McCann Health fires Perrott
McCann Health has fired Global Chief Creative Officer Jeremy Perrott after a complaint against him alleging a violation of the company's code of conduct. Ad Age's I-Hsein Sherwood reports that Perrot was terminated before the Cannes Lions International Festival of Creativity last month. Prior to his dismissal, he had been a decades-long fixture in health advertising. In a statement, McCann said: "We received a complaint about a violation of our Code of Conduct by McCann Health's Jeremy Perrott. As a result, following an investigation, he is no longer with the company."

Trump dump: Not long after landing in London yesterday afternoon, President Trump went out of his way to berate Prime Minister Theresa May in an exclusive interview with Rupert Murdoch's "Sun" newspaper, published overnight. He blasted her Brexit strategy and said he thought recently resigned Foreign Secretary Boris Johnson would make a great Prime Minister. Today Trump meets the Queen. A giant blimp of Trump as an angry baby is set to fly over London, while a outdoor and banner campaign "thanks" Trump for fueling the global feminist movement. Take a look at the banners, which cross out the "f" word to replace it with "thank," over at Creativity.

Just briefly:
AT&T appeal: It's not over yet for the AT&T and Time Warner deal. On Thursday, the U.S. Justice Department said it was appealing a judge's decision allowing the takeover, according to reports. The department's antitrust division filed a notice of appeal in Washington federal court, says Bloomberg News, in a move that would vindicate the decision by the head of the antitrust division, Makan Delrahim, to challenge the Time Warner takeover.

Gawker's new boss: Reuters reported yesterday that Bryan Goldberg, the owner of sites including Bustle and Elite Daily, "has prevailed in the bankruptcy auction for with a $1.35 million bid." If you want to know more about Goldberg and his empire, Ad Age's Simon Dumenco has the lowdown; Dumenco says that Gawker will be "flipping over in its grave at the thought of its new owner."

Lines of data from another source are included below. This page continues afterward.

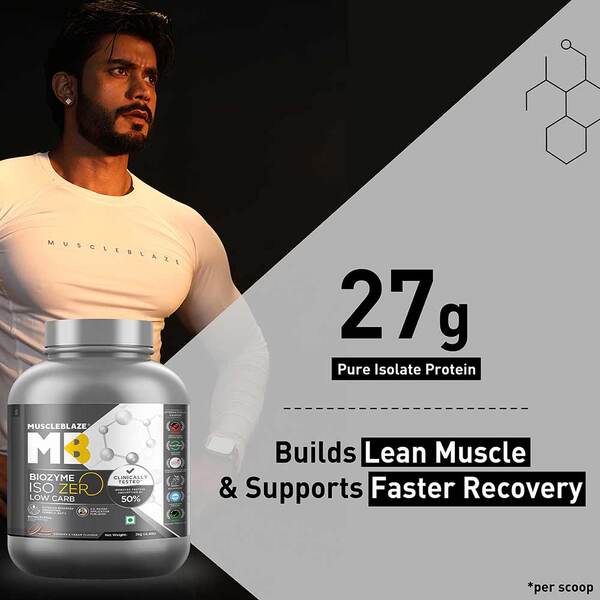 MuscleBlaze Biozyme Iso-Zero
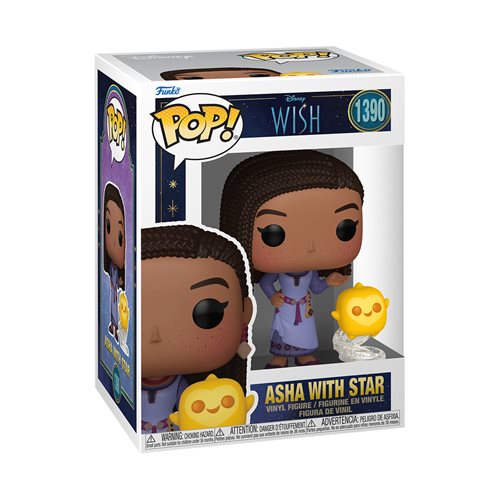 Disney Wish Pop! Vinyl Figure Asha with Star [1390] - Fugitive Toys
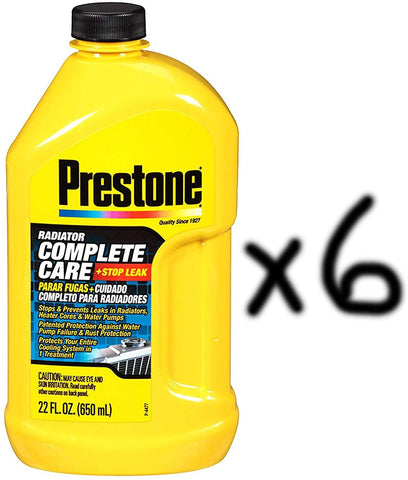 Prestone AS195Y Radiator Complete Care and Stop Leak Case of 6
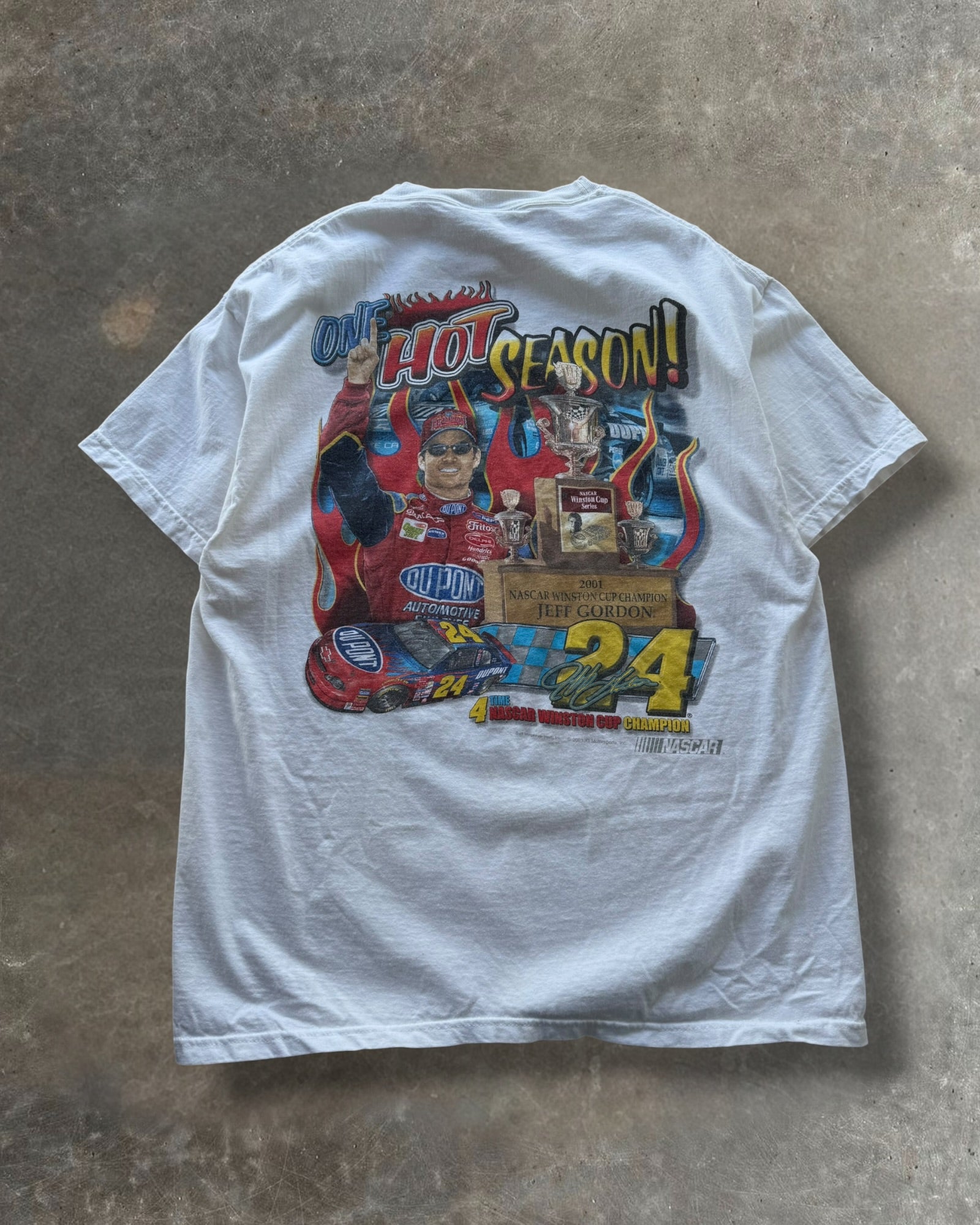 '01 Jeff Gordon Nascar Tee Sz. M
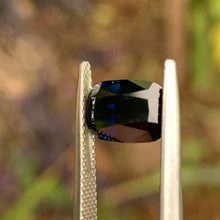 2.77ct Dark Parti Sapphire, Cushion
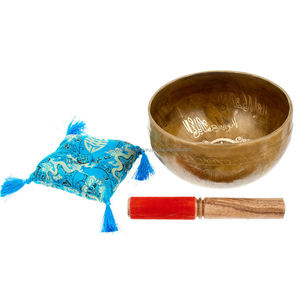 Bol pour chant tibétain en laiton Antique, 1 pièce, meilleur Design, pour chant indien en Bronze - Product Image 3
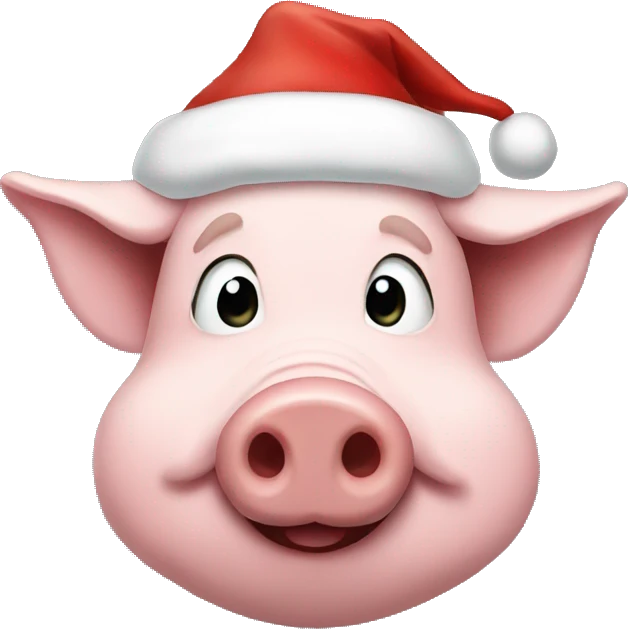 Pig

Santa Claus

 emoji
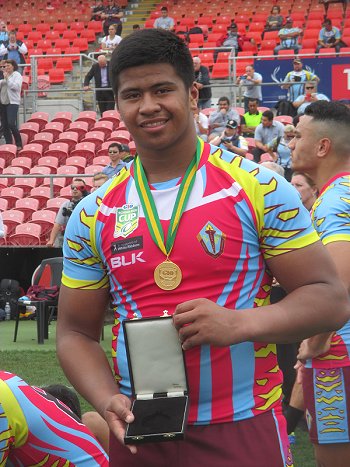 Payne Hass - the 2016 Peter Stirling Medalist Keebra Park SHS - 2016 gio Schoolboy Cup Grand Final (Photo : steve montgomery / OurFootyTeam.com)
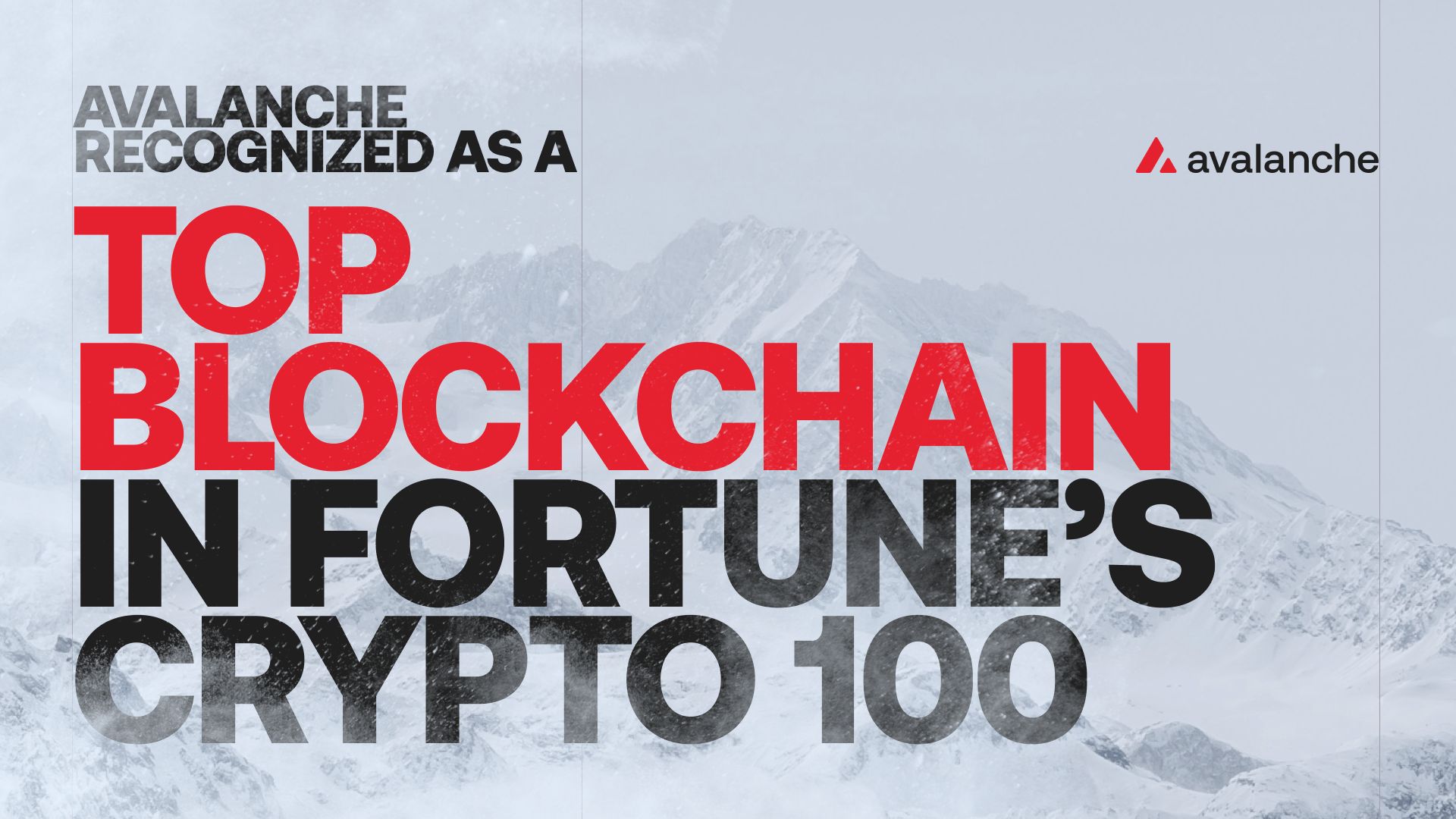 LinkedIn post image: Avalanche listed in Fortune's inaugural Crypto Top 100 List.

Musk's latest mission: When he's not running Tesla or blasting off rockets into space, Elon Musk seems to want to save the world. The Tesla CEO earlier this week tweeted about his attempts to get involved with the Thai cave rescue and now he's promised to pay to secure clean water for homes in Flint, Michigan. Bloomberg News reports that in a tweet Wednesday, Musk promised to fund fixing the water in any house in Flint that has water contamination.

McDonald's salad investigation: Public health officials in Illinois and Iowa said Thursday they are investigating an outbreak of foodborne illness, according to a USA Today report. It says that 20 people who ate salads at McDonald's restaurants in Illinois have suffered from Cyclosporiasis, an intestinal illness, since mid-May, while 15 were sickened in Iowa. McDonald's, according to USA Today, said "'Out of an abundance of caution' it is in the process of removing salads from some restaurants and distribution centers and will resupply restaurants with salads from other suppliers."

It's National Fry Day: Because of course, and Dunkin' Donuts, which recently introduced its Donut Fries, has jumped on the "holiday." Ad Age reporter Megan Mowery writes all about it, and you can watch the purposefully awful video starring YouTube stars Rebecca Black and Miranda Sings here.

Creativity pick of the day: Reese Witherspoon sets off a female "chain reaction" in a new spot created to mark a partnership between AT&T and Witherspoon's "Hello Sunshine" media company to launch a video on demand channel. In the BBDO film, Witherspoon posts a photo of the word "Unstoppable" that in turn inspires people including a young skateboarder, a physicist and a music video maker. The final woman in the chain is a scriptwriter, and things come full circle as she pitches her script to Witherspoon, who asks "What inspired you?" Watch it here.